Bear Put Ratio Backspread
Put Ratio Backspread
- Bear Put Ratio Backspread
- Bear Put Ratio Backspread Profit, Loss, & Breakeven
- Bear Put Ratio Backspread vs Buying a Call
A Bear Put Ratio Backspread is a bearish strategy and is potentially an alternative to simply buying put options. There are two components to the put ratio backspread:
- Sell one (or two) at-the-money or out-of-the money puts
- Buy two (or three) put options that are further out-of-the money from the money than the put that was sold.
Put Ratio Backspread Expectations
The ratio backspread is called such because there is a ratio of sold options to purchased option usually in the ratio of 1 sold to 2 purchased, or 2 sold to 3 purchased. A trader would use a Bear Put Ratio Backspread in the following hypothetical situation:
- A trader is very bearish on a particular stock trading at $50.
- The trader is either risk-averse, wanting to know before hand their maximum loss or wants greater leverage than simply owning stock.

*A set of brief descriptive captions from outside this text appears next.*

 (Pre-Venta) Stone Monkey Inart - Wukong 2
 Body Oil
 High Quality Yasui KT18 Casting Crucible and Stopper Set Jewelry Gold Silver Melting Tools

- The trader expects the stock to move below $45.46 or not move at all or even rise in the next 30 days. However, a move lower to only $47.50 would prove disasterous for the trade.
Given those expectations, the trader selects the $47.50 put option strike price to buy two puts which are trading for $0.44 each so the total cost will be $88 (2 contracts x $0.44 x 100 shares/contract).

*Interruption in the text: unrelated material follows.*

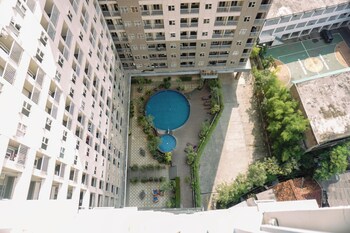 cozy and simply look studio room baileys apartment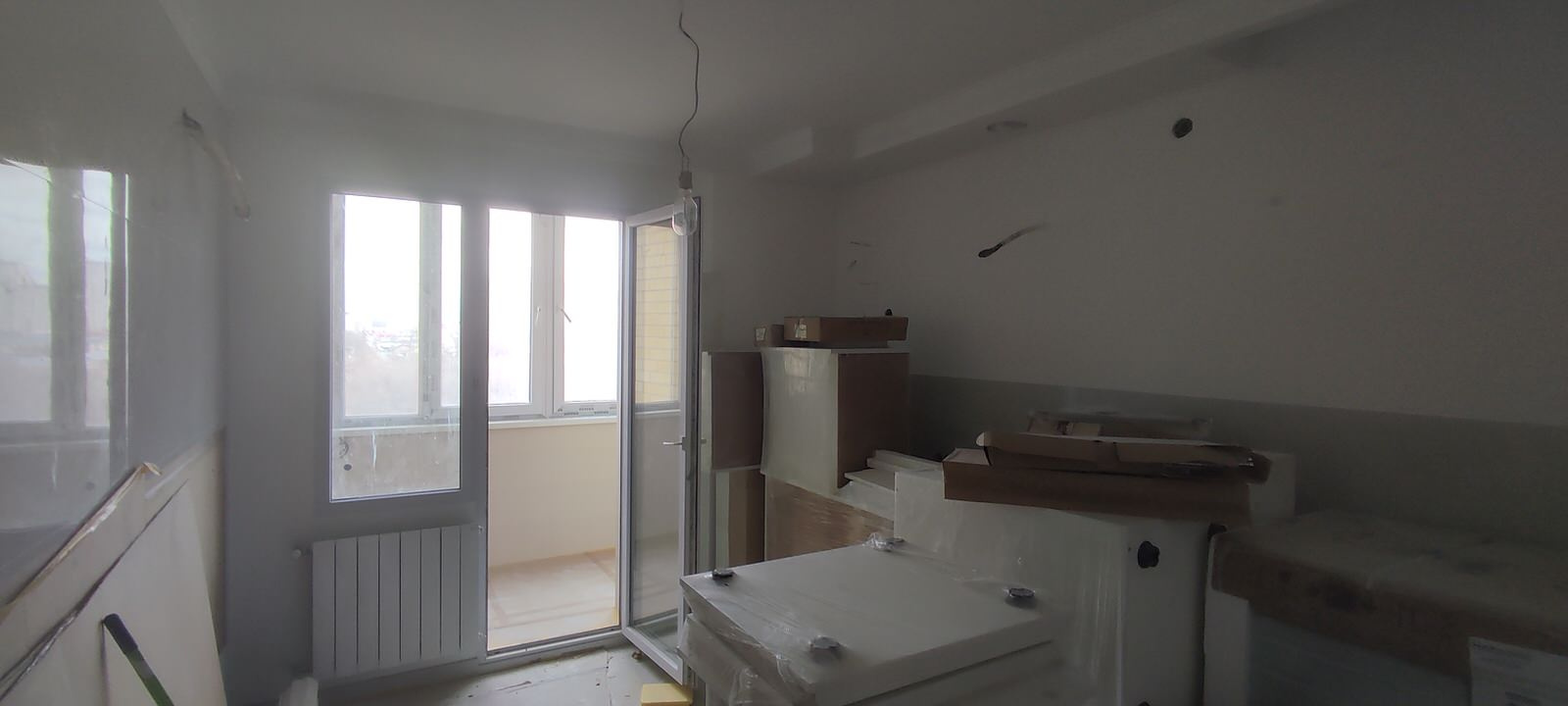 Однокомнатная квартира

Also, the trader will sell one the at-the money put strike price at $50.00. By selling this call, the trader will receive $134 ($1.34 x 100 shares/contract). The net effect of this transaction is that the trader will receive $33 ($134 received - $88 paid).
Put Ratio Backspreads require Extreme Bearishness
For this trade, a trader must be extremely bearish on the stock. Only being slightly bearish will not work for this trade. One of the strange aspects of a bear put ratio backspread like the one in this example is that the greatest loss occurs in the direction the trader is hoping the trade will move (i.e. downwards).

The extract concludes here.